Staring at the fire did nothing for my melancholy mood. It wasn't always like this, only now it was hard to remember when it wasn't. Outside it was cold, blustery, and wintry white. The new snowfall renewed the world yet again, into a wonderland of clean hopes and dreams. Cold, clean and all of the ugly hidden under a blanket of pristine white. I was no longer part of it. My world would never again be new or clean.

My eyes wander around the cabin we built together. The stone fireplace you insisted on. Massive and dominating the entire cabin, it was of native stone, found all around the place when we began the cabin. It was funny seeing all the workmen wandering the property trying to find the stones to complete the huge structure. Now it seems more like a stone monument to a forgotten love. Cold, uncaring, and rough, utterly without any warmth of any kind.

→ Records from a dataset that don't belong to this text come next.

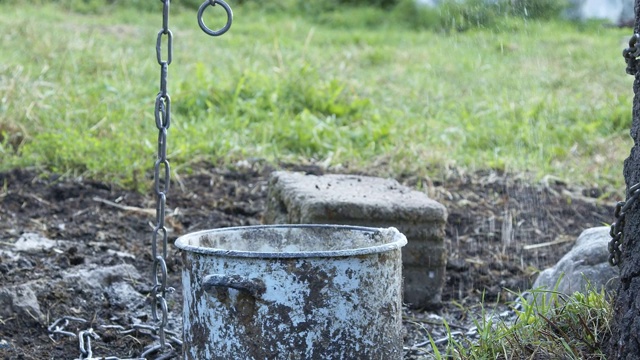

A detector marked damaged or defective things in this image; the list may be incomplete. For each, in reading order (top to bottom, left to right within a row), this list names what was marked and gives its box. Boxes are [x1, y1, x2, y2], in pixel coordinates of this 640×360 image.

rusty chain on right [608, 33, 640, 268]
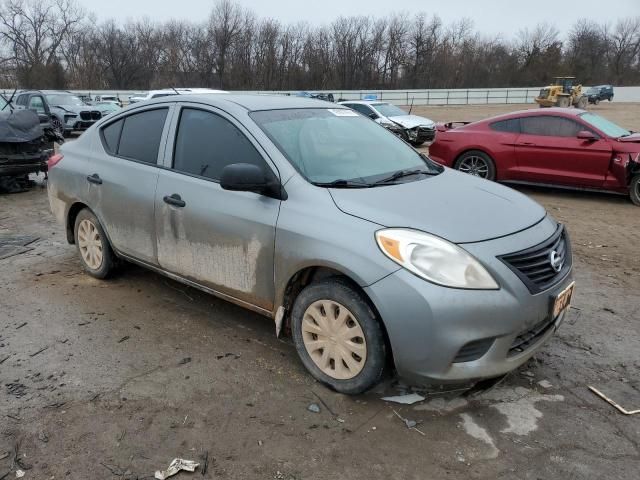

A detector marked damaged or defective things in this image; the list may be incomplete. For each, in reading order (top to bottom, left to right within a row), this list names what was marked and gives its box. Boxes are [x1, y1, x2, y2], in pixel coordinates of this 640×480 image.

damaged vehicle [0, 101, 61, 193]
wrecked car [0, 104, 61, 193]
damaged vehicle [338, 99, 438, 146]
wrecked car [340, 99, 436, 146]
damaged vehicle [428, 108, 640, 205]
wrecked car [428, 108, 640, 205]
damaged vehicle [47, 94, 572, 394]
wrecked car [47, 94, 572, 394]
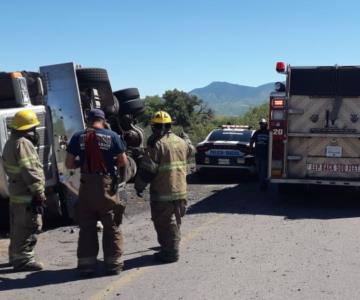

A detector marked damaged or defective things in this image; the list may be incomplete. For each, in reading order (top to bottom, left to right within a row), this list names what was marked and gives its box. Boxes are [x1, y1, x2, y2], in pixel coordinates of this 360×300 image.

overturned dump truck [0, 62, 145, 227]
overturned dump truck [268, 62, 360, 190]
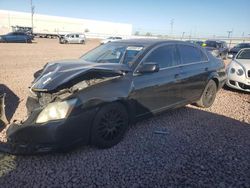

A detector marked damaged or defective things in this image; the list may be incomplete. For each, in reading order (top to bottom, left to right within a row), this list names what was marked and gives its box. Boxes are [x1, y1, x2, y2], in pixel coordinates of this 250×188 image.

front bumper damage [0, 96, 95, 155]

The brown, slightly dusty, solid rough-hewn logs made up the walls. Imported from Scandinavia just like your father's house had been. I think about how much that meant to you. It was a marvel to me. All brought over in the hold of a ship as ballast, too numerous and bulky to ride as regular cargo. Each carefully numbered in that European way, so that it could be reassembled here. What happens when you run out of numbers and are no longer part of the plan?

The bookcase lined with the books you thought belonged there. Each and every title of significance to you; with their purpose. None of mine occupies that space either. They were yours, but I didn't mind. You wanted them and that was what was important to me. So proper, so Euro-Intellectual. I wonder if you ever read any of them or just had them for show. The warm leather bindings just begging to be held, opened and enjoyed. The stories they told of loving, loss, pain and suffering. Maybe it would have been better if you read them, rather than using them for decorations.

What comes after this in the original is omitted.